-- Exercise materials --
● ● ● ●
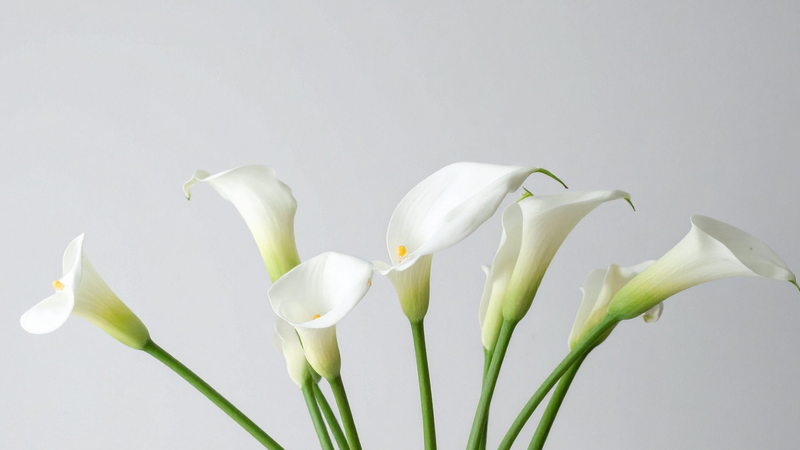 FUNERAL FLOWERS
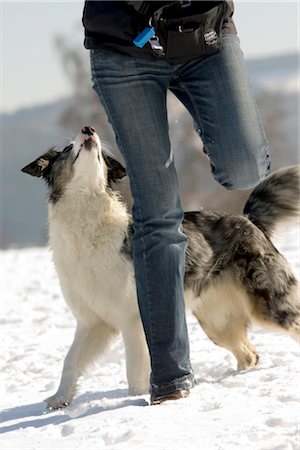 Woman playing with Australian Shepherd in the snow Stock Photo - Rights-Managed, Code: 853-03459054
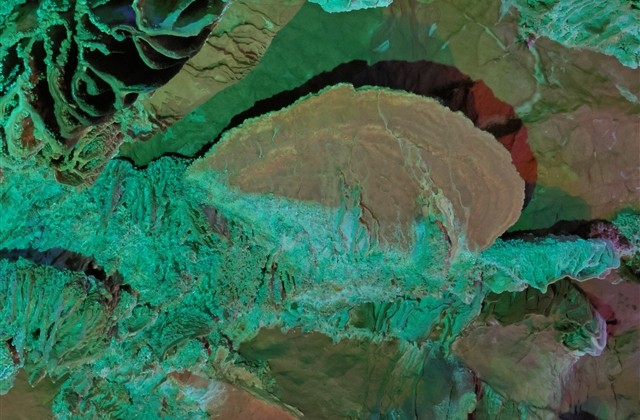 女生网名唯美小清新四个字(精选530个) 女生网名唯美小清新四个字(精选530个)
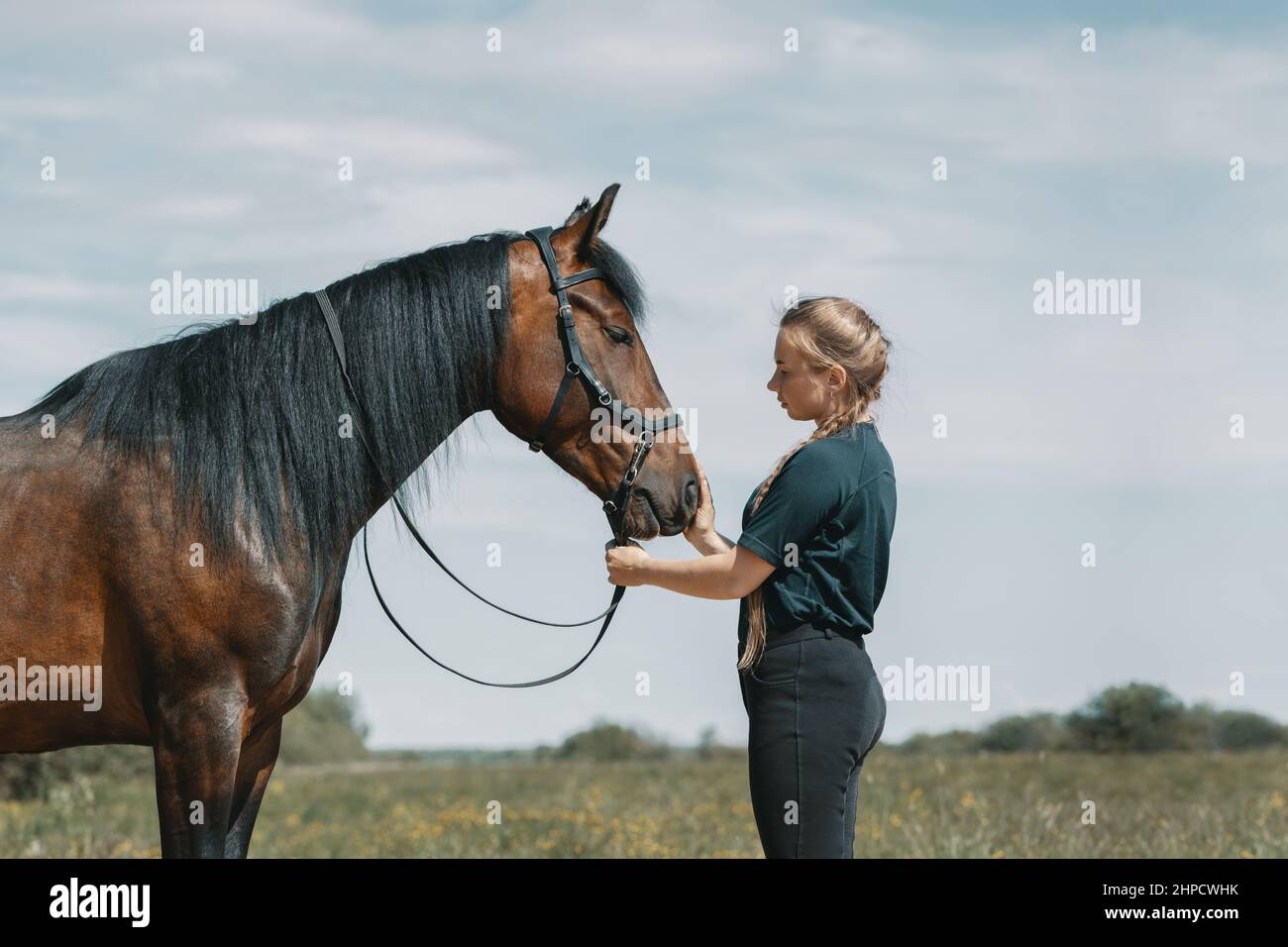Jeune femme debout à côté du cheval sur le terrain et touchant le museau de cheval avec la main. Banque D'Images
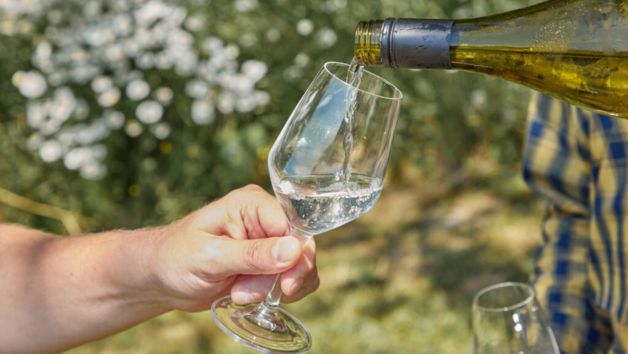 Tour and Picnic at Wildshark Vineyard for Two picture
● ● ● ●
What is needed is an exact copy of all the data, with no images in it.

 FUNERAL FLOWERS
 Woman playing with Australian Shepherd in the snow Stock Photo - Rights-Managed, Code: 853-03459054
 女生网名唯美小清新四个字(精选530个) 女生网名唯美小清新四个字(精选530个)
Jeune femme debout à côté du cheval sur le terrain et touchant le museau de cheval avec la main. Banque D'Images
 Tour and Picnic at Wildshark Vineyard for Two picture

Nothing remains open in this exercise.